Hello! I am trying to figure out how to upsert rows to ElasticSearch from Spark.
I am using elasticsearch-spark-20_2.10-5.5.1.jar, on a Spark cluster running Spark2.1 with Scala 2.1
My DataFrame printSchema() looks like this;
root
|-- datasetid: integer (nullable = false)
|-- name: string (nullable = false)
The code I am using to write the DataFrame looks like this;
var ElasticSearchHost = "http://url-to-elasticsearch.com"

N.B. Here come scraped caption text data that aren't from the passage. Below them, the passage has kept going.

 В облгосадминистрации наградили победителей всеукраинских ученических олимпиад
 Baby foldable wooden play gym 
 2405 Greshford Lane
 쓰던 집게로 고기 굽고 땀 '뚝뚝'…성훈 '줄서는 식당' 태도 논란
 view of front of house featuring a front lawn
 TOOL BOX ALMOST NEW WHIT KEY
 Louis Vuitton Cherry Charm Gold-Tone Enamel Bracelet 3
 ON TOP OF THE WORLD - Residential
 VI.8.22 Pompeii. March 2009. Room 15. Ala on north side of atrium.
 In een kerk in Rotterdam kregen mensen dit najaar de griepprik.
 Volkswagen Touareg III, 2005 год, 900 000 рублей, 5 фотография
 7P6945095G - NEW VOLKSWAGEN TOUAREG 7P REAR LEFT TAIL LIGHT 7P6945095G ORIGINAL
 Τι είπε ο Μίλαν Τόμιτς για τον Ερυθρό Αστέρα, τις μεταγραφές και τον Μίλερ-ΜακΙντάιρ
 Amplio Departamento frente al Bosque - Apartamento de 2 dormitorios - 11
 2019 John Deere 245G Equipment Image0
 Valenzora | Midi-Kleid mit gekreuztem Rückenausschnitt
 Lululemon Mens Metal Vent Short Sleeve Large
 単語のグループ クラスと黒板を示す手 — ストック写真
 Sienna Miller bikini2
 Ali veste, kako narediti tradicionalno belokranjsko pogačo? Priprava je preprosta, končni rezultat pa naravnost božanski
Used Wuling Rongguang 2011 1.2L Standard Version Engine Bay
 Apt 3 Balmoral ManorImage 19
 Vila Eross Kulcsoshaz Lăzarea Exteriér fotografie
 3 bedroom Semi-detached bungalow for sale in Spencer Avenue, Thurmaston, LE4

var esConfig:Map[String,String] = Map("es.nodes" -> ElasticSearchHost,
"es.port" -> "443",
"es.nodes.wan.only" -> "true",
"es.net.ssl" -> "true",
"es.nodes.wan.only" -> "true",
"es.mapping.id" -> "datasetid",
"es.write.operation" -> "upsert")
dfSet1.write.format("org.elasticsearch.spark.sql")
.options(esConfig)
.save("indexofstuff/persons")
This is returning the following error;
org.apache.spark.SparkException: Job aborted due to stage failure: Task 28 in stage 87.0 failed 4 times, most recent failure: Lost task 28.3 in stage 87.0 (TID 3943, 10.164.225.89, executor 0): java.lang.NoSuchMethodError: scala.runtime.ObjectRef.create(Ljava/lang/Object;)Lscala/runtime/ObjectRef;
at org.elasticsearch.spark.sql.DataFrameFieldExtractor.extractField(DataFrameFieldExtractor.scala:29)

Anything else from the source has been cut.